• _WHAT YOU WILL DO_
Below are the entries. Print only the lines starting at the one with "Obraz Christmas or" and ending at the one with "Lagos (Nigeria), 27/05/2020.- Men", exactly, with no pictures.

• _GIVEN DATA_
=== Begin Enclosure ===

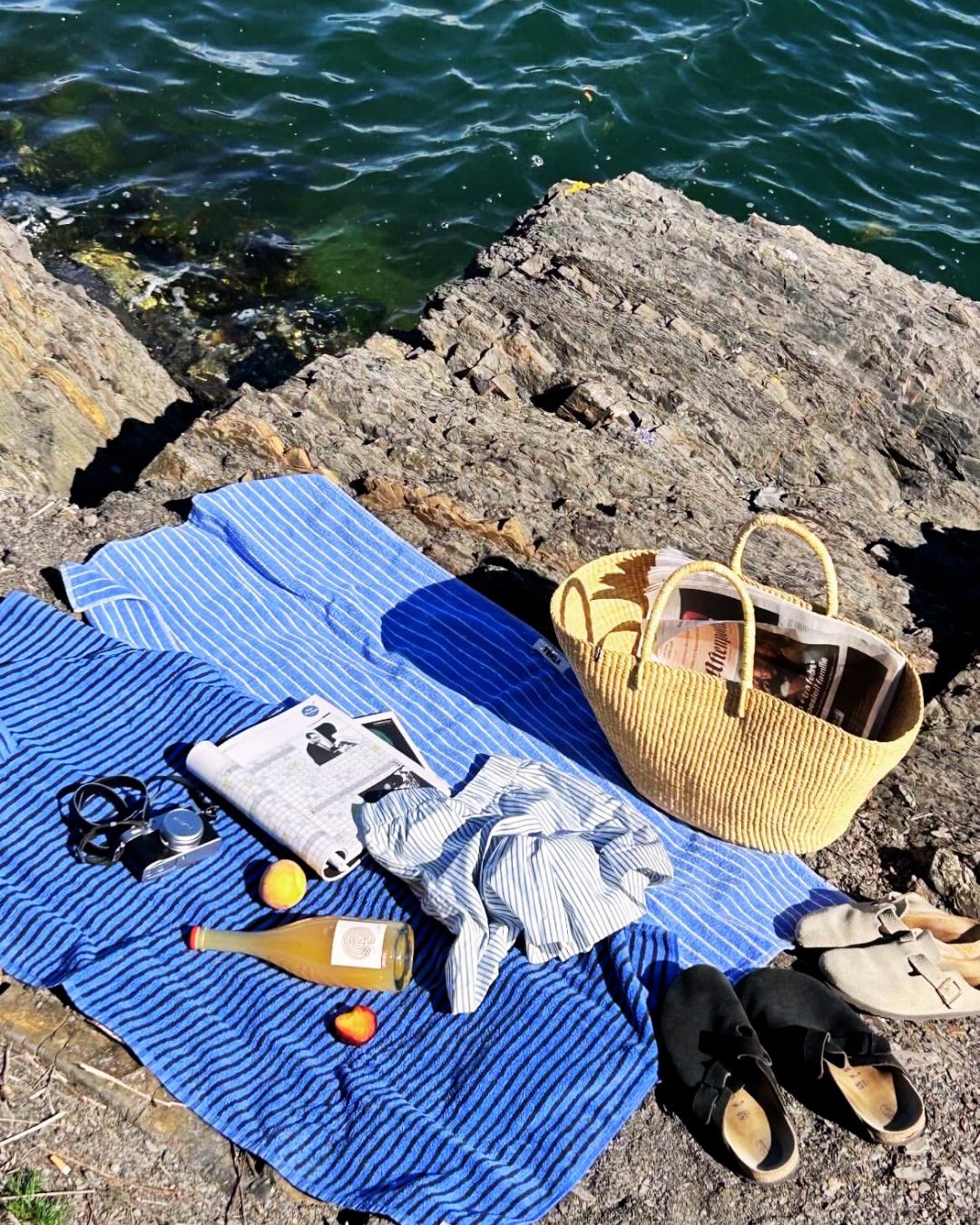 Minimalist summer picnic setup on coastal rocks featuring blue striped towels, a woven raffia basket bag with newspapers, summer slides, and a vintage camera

=== End Enclosure ===
=== Begin Enclosure ===

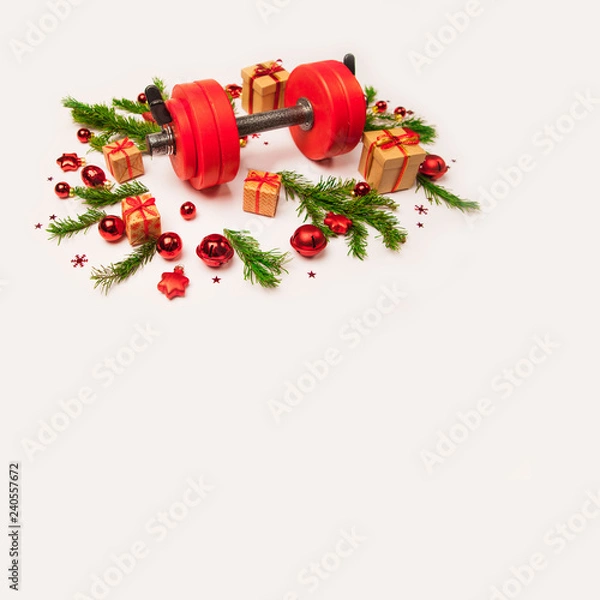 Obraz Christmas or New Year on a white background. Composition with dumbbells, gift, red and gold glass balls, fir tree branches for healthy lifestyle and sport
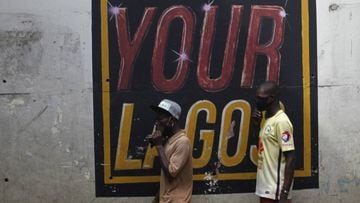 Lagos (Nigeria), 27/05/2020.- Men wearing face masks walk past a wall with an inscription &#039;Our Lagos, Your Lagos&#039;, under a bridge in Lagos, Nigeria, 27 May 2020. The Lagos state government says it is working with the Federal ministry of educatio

=== End Enclosure ===

• _REPLY_
 Obraz Christmas or New Year on a white background. Composition with dumbbells, gift, red and gold glass balls, fir tree branches for healthy lifestyle and sport
 Lagos (Nigeria), 27/05/2020.- Men wearing face masks walk past a wall with an inscription &#039;Our Lagos, Your Lagos&#039;, under a bridge in Lagos, Nigeria, 27 May 2020. The Lagos state government says it is working with the Federal ministry of educatio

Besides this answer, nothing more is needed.